[Opening Information shown section]

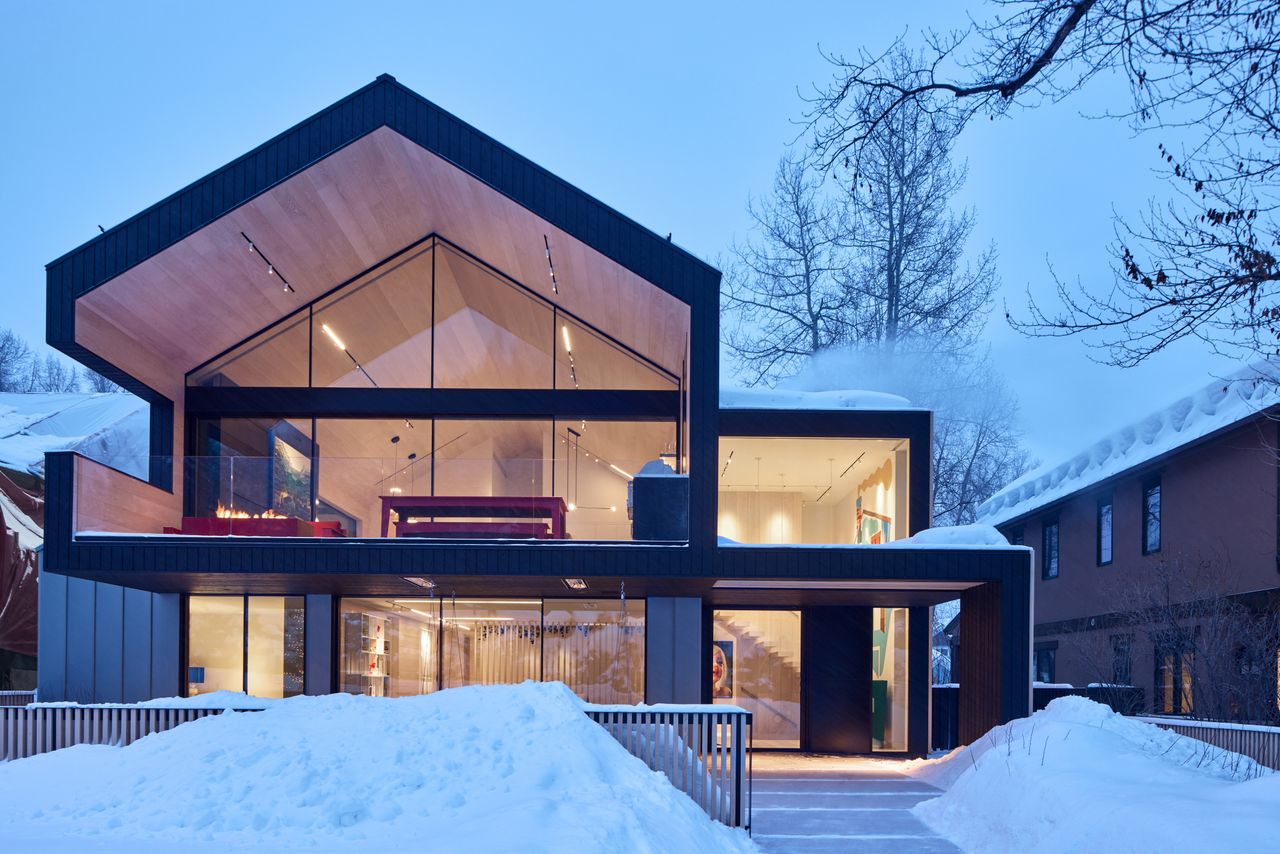 A clean-lined exterior of an Aspen home with large windows and a yard covered in snow.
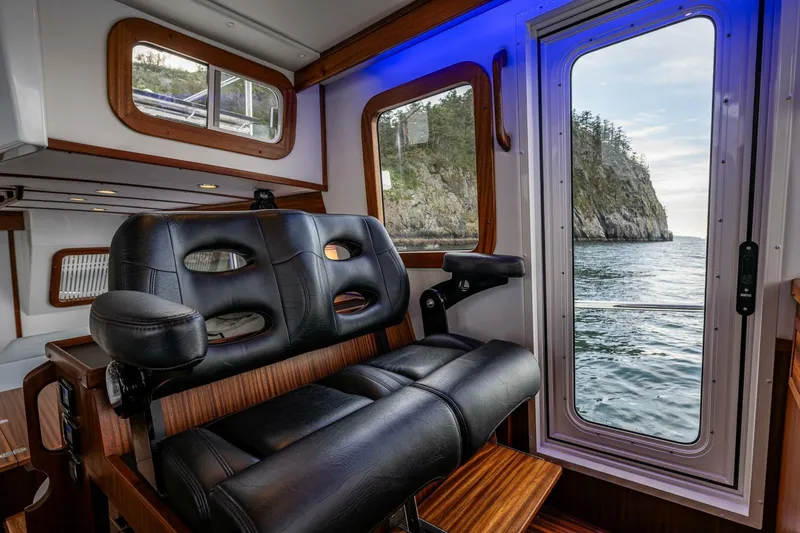 Slide: The Image of Interior of 2024 Nordic Tug 40 with ocean view through windows. - 22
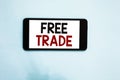 Text sign showing Free Trade. Conceptual photo The ability to buy and sell on your own terms and means Cell phone white screen ove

[Closing Information shown section]

Please provide a faithful transcription of all the data, pictures excluded.

 A clean-lined exterior of an Aspen home with large windows and a yard covered in snow.
 Slide: The Image of Interior of 2024 Nordic Tug 40 with ocean view through windows. - 22
 Text sign showing Free Trade. Conceptual photo The ability to buy and sell on your own terms and means Cell phone white screen ove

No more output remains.